Jared confronts the Palpable and Quite Distasteful

Food is a big fat pleasure and passion of mine. I am also known to have quite a lot to say about sustainability and environmental impact. Over the years, I have been a huge supporter of ‘local, seasonal and sustainable’ branding. Those words have been on my menus since a long way back.

Interestingly, as the years have gone by there has been a very distinct shift from ‘Sustainability’ being solely the realm of the politically motivated to becoming a much more mainstream concept. As this has happened we see big companies starting to cash in on environmentalism, ‘greenwashing’ their products and brands.

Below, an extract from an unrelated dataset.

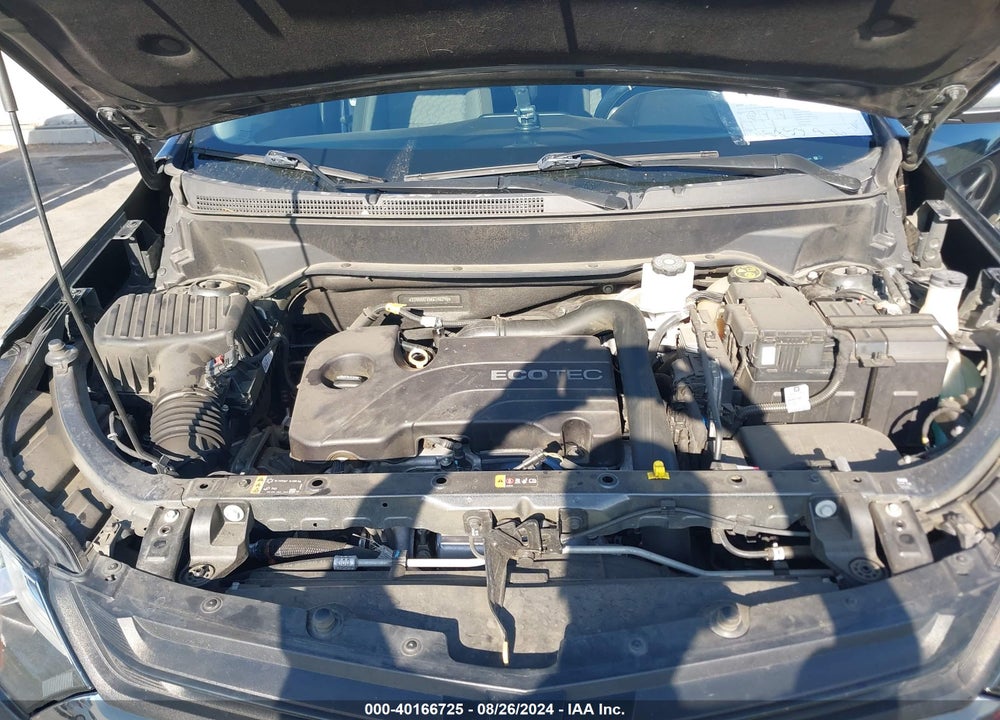 2019 CHEVROLET EQUINOX LT VIN: 2GNAXKEV5K6146296
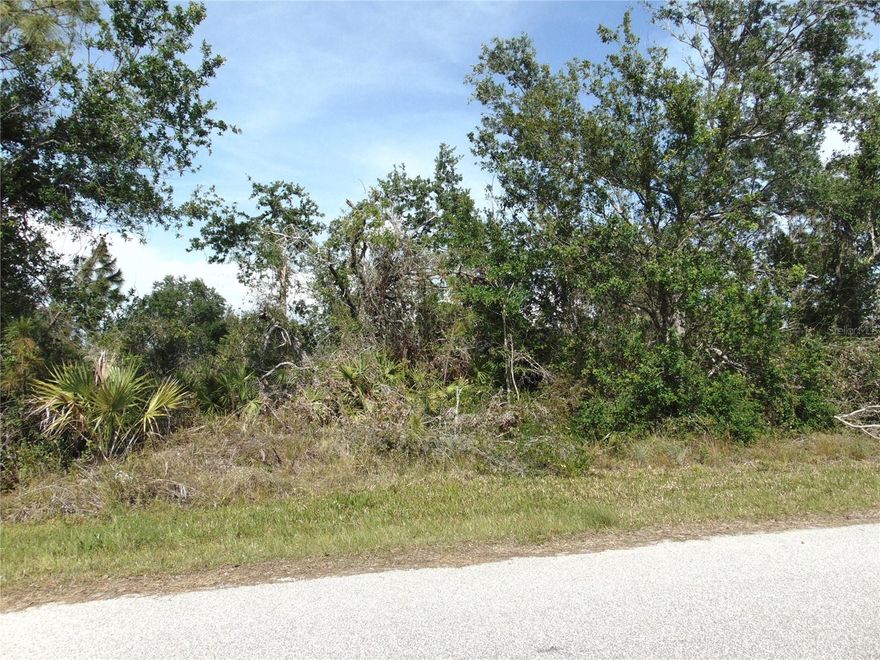 MAJOR PRICE ADJUSTMENT!  If you have been looking to build that new construction and want to be in a BOATING community, look no further.  Gulf Cove has become a highly sought after area with its community boat launch area and closeness to the Myakka River.  There is an OPTIONAL HOA membership that gives your access to amenities.  You are approximately 20 minutes away from area beaches.  Take a look and love the location!  PLEASE NOTE:  * Water is available through a Private Development Agreement at the owner's expense, Charlotte County Utilities does not extend the service.  Otherwise, a well is required.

I was recently talking with a distribution company that prides itself on a direct ‘farmer to plate’ ethos.They mentioned that it was getting harder to compete in the space because the ‘local, seasonal and sustainable’ market is getting more competitive…HOW COOL IS THAT!? Unfortunately, this is not the response the distributors were looking for.

I started believing in the environmentally ethical values because they are bloody important to our future, and the future of our food supply – not because I was interested in making money. I was a bit stupid back then, not because I now necessarily think that money is the end goal (there are too many untenable virtues that cash can’t measure), rather because unless someone is making proper money from something it will not gain traction. As they say, business is in the business of staying in business.

Impassioned rhetoric without achieving anything is the realm of fools, fairies and politicians. If you want to make the world a better place make a chunk of cash at the same time, and just see how that mobilises a whole bunch of people to get on board.

I see now that there is a section of the environmentalist and politically motivated community that has a hard time with accepting this; large companies are now scorned for ‘cashing in’ on exactly what environmentalists and hipsters wanted them to do in the first place. The irony of these complaints is palpable and quite distasteful when the broken-backed farmer, after tiling in their organic, free-range fields, are cooking the meals of well fed, healthy, Eastern-Suburb environmentalist foodies (and Inner Westies too) who want yet another quirky dining experience to critique and pontificate on.